Material shown:
*** Block opens ***

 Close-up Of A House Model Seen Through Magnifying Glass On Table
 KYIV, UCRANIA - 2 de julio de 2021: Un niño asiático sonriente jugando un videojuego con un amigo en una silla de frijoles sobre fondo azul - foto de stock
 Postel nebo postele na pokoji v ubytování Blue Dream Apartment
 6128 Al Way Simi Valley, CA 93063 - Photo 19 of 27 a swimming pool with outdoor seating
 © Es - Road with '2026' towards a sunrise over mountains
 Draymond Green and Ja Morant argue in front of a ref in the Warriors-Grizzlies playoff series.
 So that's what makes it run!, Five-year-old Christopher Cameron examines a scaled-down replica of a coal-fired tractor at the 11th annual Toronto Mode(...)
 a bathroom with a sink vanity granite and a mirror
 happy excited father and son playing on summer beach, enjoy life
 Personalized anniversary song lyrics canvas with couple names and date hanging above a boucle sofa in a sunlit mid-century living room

*** Block closes ***
*** Block opens ***

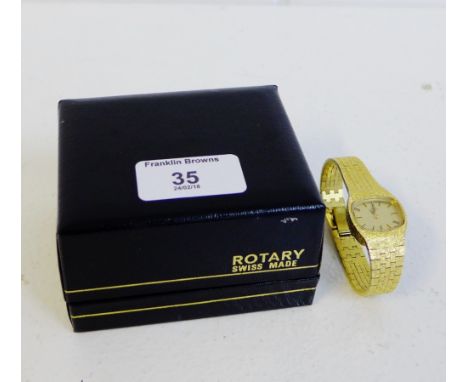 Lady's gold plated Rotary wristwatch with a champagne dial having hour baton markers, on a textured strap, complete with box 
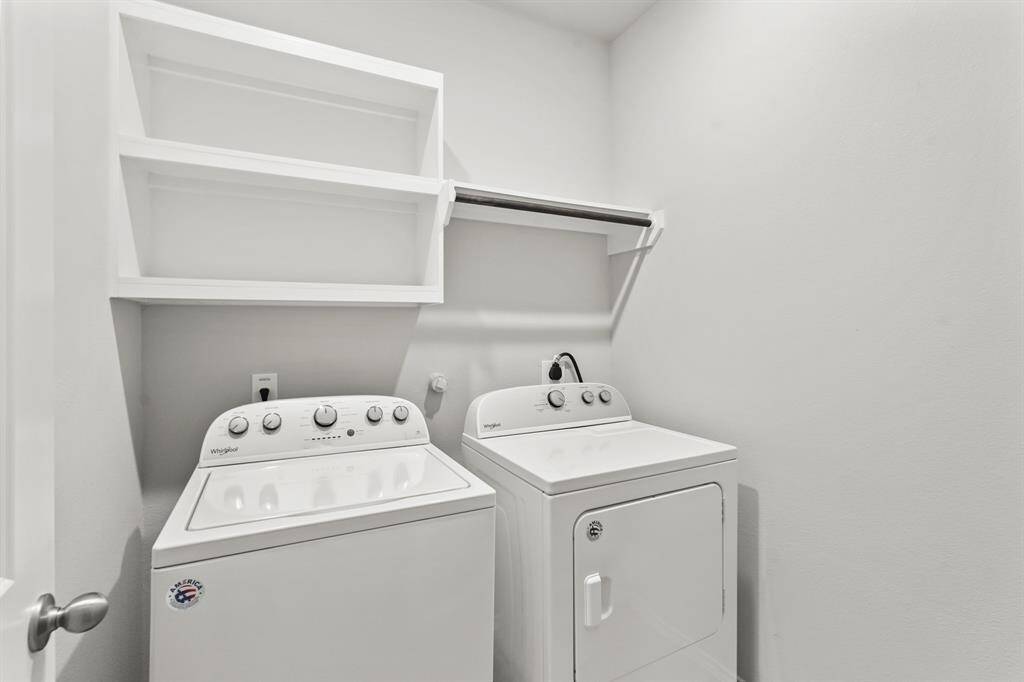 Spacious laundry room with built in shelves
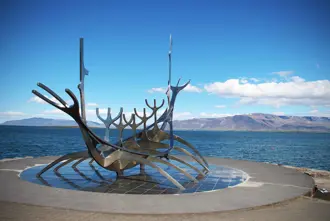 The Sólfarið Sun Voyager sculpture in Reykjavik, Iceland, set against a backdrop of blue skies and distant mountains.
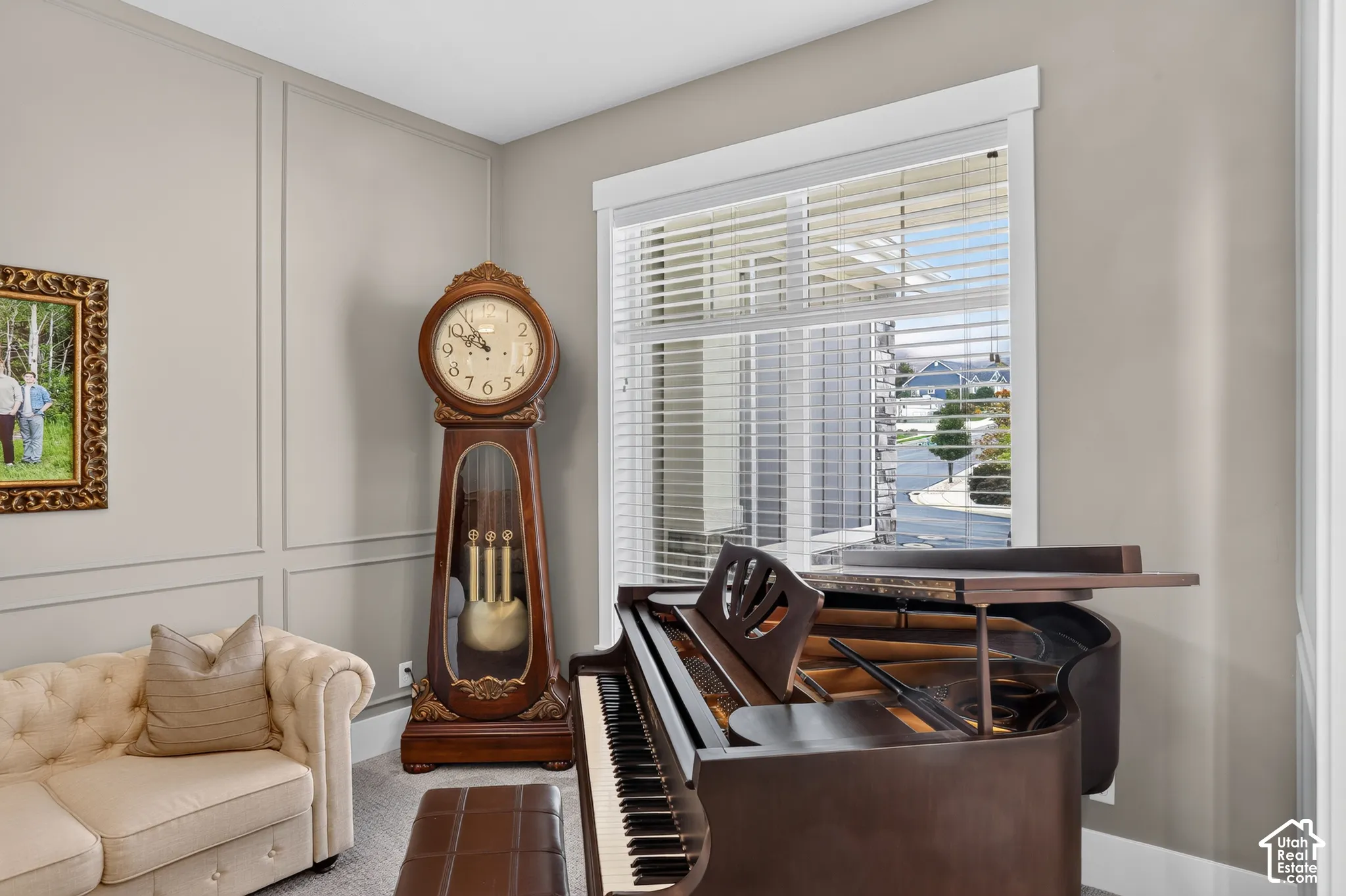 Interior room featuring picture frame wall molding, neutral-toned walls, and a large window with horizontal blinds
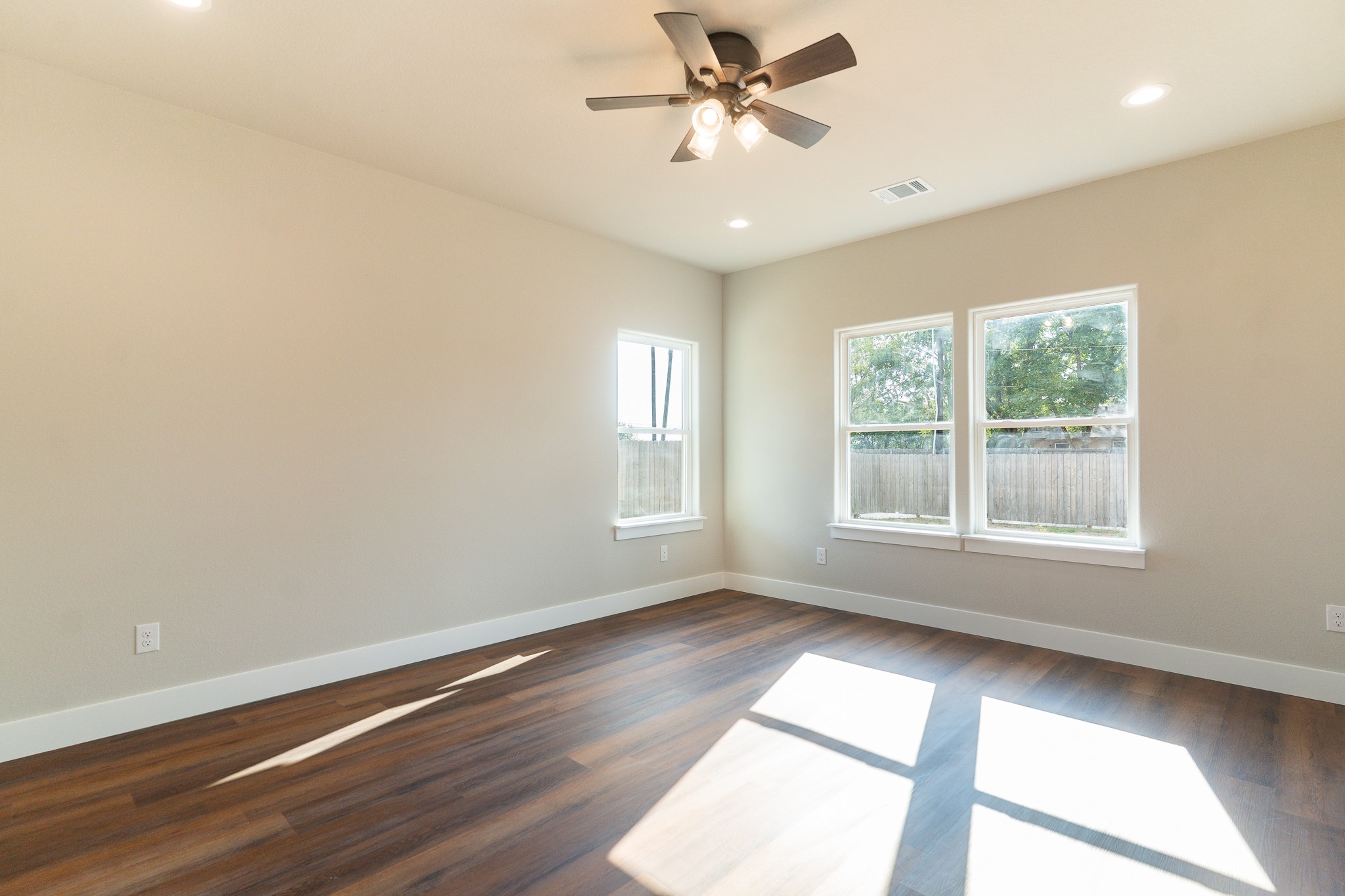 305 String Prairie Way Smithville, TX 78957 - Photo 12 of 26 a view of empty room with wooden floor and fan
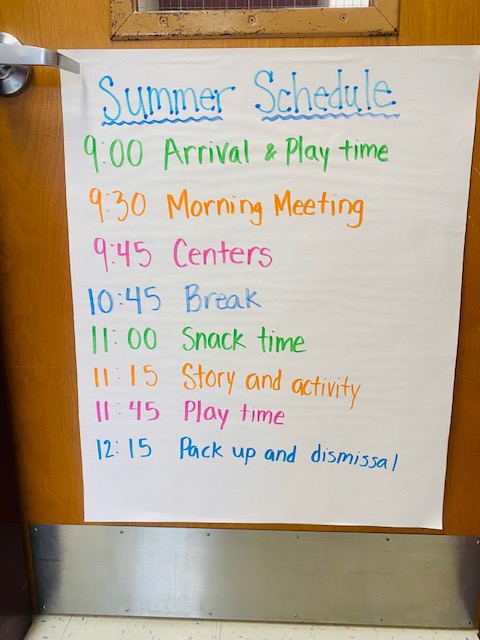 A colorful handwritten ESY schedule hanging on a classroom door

*** Block closes ***
*** Block opens ***

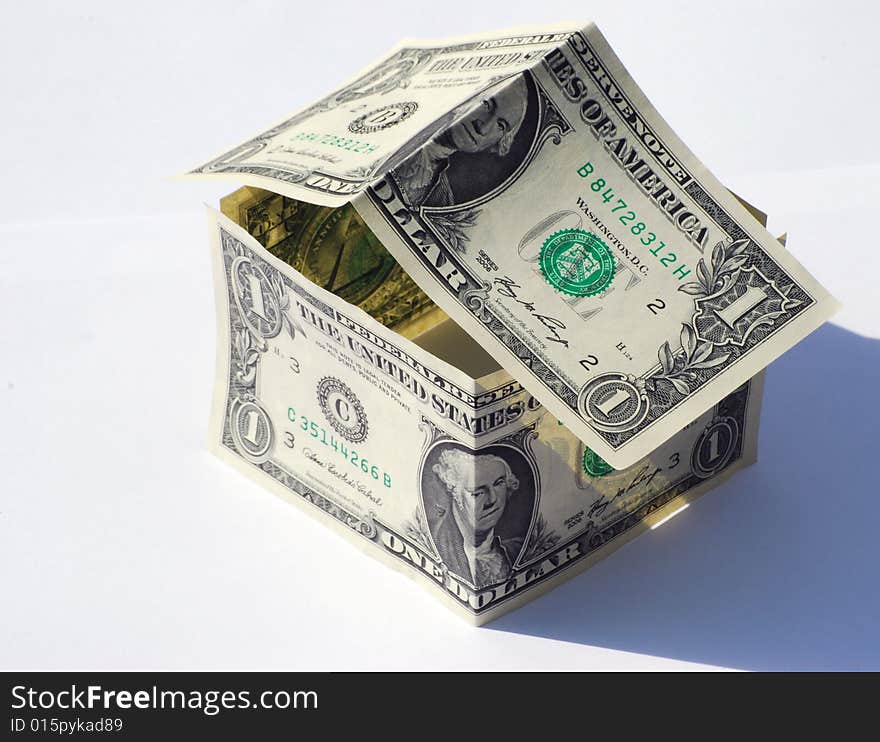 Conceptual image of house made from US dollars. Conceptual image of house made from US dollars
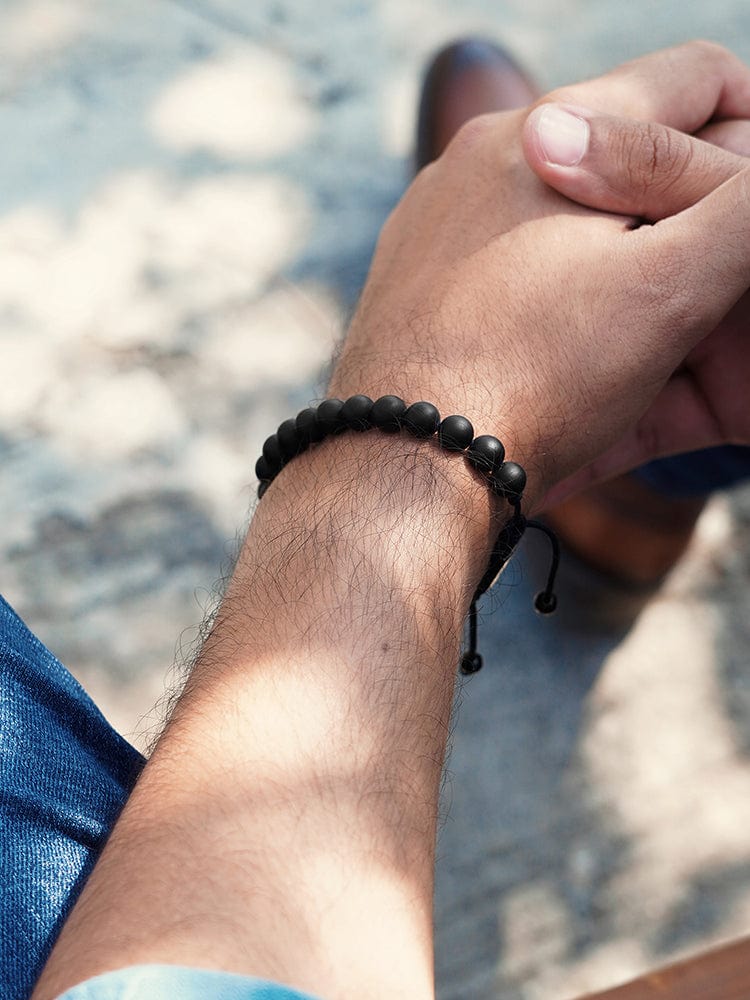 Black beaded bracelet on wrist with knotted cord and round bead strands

*** Block closes ***

Exercise: In the entries above, find the line containing "Lady's gold plated" and the line containing "A colorful handwritten"; give again exactly those two lines and every line between them, minus the pictures.

Exercise output:
 Lady's gold plated Rotary wristwatch with a champagne dial having hour baton markers, on a textured strap, complete with box 
 Spacious laundry room with built in shelves
 The Sólfarið Sun Voyager sculpture in Reykjavik, Iceland, set against a backdrop of blue skies and distant mountains.
 Interior room featuring picture frame wall molding, neutral-toned walls, and a large window with horizontal blinds
 305 String Prairie Way Smithville, TX 78957 - Photo 12 of 26 a view of empty room with wooden floor and fan
 A colorful handwritten ESY schedule hanging on a classroom door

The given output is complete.